Was denken Sie, wird Ihr Präsident die Wiederwahl schaffen?
Der Präsident hat sehr viel Support und als Businessmann nimmt er den Wahlkampf sehr ernst. Er wird bis zum Ende kämpfen. Und die Zahlen sprechen für ihn: Die Wirtschaft boomt, den USA geht es gut. Präsident Trump hat viel vorzuweisen.
Und das Impeachment wird seine Wiederwahl nicht gefährden?
Der Präsident sagte es heute Morgen vor der Presse. Das ist eine politische Angelegenheit, die viel zu viel Aufmerksamkeit auf sich zieht. Fakt ist: Der Präsident ist voll bei der Arbeit. Er ist in Davos, trifft Wirtschaftsführer und Regierungsvertreter. Dabei spricht er über Investitionen in den USA und im Ausland und wie wir beitragen können, die Welt zu verbessern. Das ist doch was zählt.
Dass er nach Davos gekommen ist, um vom Impeachment abzulenken, trifft nicht zu?
Wer das sagt, ist ein Lügner. Das ist nicht wahr. Wir haben schon vor drei Monaten mit der Detailplanung für die Reise begonnen. Der Präsident wollte unbedingt wieder kommen. Er musste ja im letzten Jahr wegen des Haushaltstreits absagen.

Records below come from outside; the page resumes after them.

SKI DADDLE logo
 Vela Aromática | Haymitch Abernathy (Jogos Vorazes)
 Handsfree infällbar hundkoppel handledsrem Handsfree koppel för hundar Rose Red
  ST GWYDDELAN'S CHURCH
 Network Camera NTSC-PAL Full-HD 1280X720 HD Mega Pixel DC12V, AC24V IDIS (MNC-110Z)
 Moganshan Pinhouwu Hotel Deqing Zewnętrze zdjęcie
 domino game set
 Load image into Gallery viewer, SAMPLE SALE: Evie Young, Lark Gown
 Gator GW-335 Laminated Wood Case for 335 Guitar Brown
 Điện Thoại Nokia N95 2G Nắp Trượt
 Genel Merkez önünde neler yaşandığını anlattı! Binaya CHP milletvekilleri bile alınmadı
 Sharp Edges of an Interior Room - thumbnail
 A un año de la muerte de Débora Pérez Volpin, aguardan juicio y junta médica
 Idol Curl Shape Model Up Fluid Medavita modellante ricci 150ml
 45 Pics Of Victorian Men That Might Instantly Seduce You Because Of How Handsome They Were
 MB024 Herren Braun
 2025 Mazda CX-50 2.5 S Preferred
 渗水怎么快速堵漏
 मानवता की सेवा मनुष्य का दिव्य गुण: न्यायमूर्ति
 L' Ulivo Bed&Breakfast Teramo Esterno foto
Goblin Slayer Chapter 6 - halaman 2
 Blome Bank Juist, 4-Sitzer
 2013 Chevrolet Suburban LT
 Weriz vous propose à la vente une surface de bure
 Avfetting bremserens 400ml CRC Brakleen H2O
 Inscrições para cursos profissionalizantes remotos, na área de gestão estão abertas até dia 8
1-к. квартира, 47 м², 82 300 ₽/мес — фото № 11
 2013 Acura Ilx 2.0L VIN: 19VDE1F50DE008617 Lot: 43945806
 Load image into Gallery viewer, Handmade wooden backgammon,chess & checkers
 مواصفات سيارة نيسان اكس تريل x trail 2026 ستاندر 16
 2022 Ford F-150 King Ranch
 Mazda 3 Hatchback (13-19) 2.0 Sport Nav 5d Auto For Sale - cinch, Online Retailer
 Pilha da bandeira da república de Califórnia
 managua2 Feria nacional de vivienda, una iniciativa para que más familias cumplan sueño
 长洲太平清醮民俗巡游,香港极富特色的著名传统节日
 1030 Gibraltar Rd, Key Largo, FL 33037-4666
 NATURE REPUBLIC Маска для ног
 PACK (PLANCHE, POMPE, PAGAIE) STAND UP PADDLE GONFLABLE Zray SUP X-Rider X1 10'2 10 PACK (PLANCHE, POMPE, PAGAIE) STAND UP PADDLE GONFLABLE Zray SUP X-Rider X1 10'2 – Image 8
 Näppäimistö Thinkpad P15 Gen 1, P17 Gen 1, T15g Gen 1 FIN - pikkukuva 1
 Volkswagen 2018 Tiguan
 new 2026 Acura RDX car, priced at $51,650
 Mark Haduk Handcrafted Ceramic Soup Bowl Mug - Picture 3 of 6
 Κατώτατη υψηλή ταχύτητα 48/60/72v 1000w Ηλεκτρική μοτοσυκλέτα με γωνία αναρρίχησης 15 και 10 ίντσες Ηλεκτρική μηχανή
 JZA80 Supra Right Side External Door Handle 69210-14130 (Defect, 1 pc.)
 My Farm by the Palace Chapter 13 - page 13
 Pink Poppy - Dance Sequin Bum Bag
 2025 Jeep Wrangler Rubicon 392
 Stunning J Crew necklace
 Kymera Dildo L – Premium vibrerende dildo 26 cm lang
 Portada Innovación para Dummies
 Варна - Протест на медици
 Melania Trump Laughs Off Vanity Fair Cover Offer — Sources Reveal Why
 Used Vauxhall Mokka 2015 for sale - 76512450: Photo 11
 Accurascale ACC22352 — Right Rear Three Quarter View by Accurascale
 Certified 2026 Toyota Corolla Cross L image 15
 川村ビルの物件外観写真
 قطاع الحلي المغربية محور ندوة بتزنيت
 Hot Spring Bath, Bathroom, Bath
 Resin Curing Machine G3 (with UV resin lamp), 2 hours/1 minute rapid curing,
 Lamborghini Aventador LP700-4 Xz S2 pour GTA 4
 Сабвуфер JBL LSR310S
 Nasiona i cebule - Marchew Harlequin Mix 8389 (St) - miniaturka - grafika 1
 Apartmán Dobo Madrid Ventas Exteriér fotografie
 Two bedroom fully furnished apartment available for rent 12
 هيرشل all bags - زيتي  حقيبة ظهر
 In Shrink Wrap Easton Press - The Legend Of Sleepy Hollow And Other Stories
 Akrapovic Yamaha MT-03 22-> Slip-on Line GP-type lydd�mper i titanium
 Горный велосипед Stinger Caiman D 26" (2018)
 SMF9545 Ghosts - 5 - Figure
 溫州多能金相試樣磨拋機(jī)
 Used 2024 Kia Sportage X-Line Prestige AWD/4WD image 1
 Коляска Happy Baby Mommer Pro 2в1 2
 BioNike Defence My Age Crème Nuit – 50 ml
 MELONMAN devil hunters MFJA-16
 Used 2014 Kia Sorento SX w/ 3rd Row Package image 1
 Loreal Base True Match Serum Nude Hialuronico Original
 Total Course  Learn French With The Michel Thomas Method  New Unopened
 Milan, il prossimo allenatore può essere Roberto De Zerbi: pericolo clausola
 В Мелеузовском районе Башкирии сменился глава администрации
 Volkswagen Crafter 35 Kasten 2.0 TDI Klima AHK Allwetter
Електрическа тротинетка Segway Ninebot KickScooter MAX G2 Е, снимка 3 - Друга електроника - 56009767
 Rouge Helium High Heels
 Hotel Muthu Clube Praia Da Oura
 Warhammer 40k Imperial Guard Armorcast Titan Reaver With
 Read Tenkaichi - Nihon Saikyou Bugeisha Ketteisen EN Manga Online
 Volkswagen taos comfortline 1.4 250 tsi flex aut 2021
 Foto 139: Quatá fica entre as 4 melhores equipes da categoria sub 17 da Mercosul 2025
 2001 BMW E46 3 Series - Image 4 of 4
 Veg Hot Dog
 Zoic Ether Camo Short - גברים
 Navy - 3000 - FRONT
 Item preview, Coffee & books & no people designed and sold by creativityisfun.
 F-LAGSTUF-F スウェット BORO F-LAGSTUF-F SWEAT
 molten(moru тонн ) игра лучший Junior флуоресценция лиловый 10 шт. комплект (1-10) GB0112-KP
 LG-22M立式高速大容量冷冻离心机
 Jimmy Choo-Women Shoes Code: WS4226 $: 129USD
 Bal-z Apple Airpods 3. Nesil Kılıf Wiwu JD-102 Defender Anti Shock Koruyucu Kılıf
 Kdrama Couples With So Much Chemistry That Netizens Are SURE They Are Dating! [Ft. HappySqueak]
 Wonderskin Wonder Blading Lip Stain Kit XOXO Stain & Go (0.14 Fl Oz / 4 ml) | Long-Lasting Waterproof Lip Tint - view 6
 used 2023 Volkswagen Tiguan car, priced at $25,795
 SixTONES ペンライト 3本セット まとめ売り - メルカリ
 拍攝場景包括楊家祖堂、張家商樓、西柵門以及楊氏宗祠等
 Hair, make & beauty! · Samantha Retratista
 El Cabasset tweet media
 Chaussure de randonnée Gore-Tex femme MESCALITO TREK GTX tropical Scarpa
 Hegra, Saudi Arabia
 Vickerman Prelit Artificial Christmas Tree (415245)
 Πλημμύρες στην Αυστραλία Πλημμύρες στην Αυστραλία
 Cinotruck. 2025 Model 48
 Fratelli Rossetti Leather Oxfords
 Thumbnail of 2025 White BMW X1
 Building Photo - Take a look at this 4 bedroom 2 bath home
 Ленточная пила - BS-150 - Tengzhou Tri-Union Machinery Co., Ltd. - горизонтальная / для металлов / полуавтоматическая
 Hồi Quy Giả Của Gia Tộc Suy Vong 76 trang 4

Werden Sie vier weitere Jahre machen, wenn Donald Trump wiedergewählt wird?
Ich liebe diesen Job mehr als alles andere was ich je gemacht habe. Im Herzen bin ich aber ein Geschäftsmann. Als der Präsident gefragt hatte, ob ich diesen Job machen wolle, musste ich lange und hart nachdenken. Ich hatte damals mein eigenes Unternehmen, das ich schliesslich verkauft habe. Das gibt mir aber die Freiheit, so lange hier in der Schweiz bleiben, wie mich der Präsident braucht. Es liegt alles im Willen des Präsidenten. Im Moment haben wir hier viele spannende Projekte die laufen und an denen werde ich weiterarbeiten.
Das heisst, Sie gehen nicht per Ende 2020?
Ich habe keine Pläne die Schweiz zu verlassen. Und ich bin überzeugt: Auch nach meinem Rücktritt werde ich oft in der Schweiz sein. Ich liebe die Schweiz. Meine Frau und ich erwägen gar, uns ein Haus zu kaufen. Wir sind uns einfach noch nicht einig wo. Graubünden, Romandie, Zürich – alles ist so schön.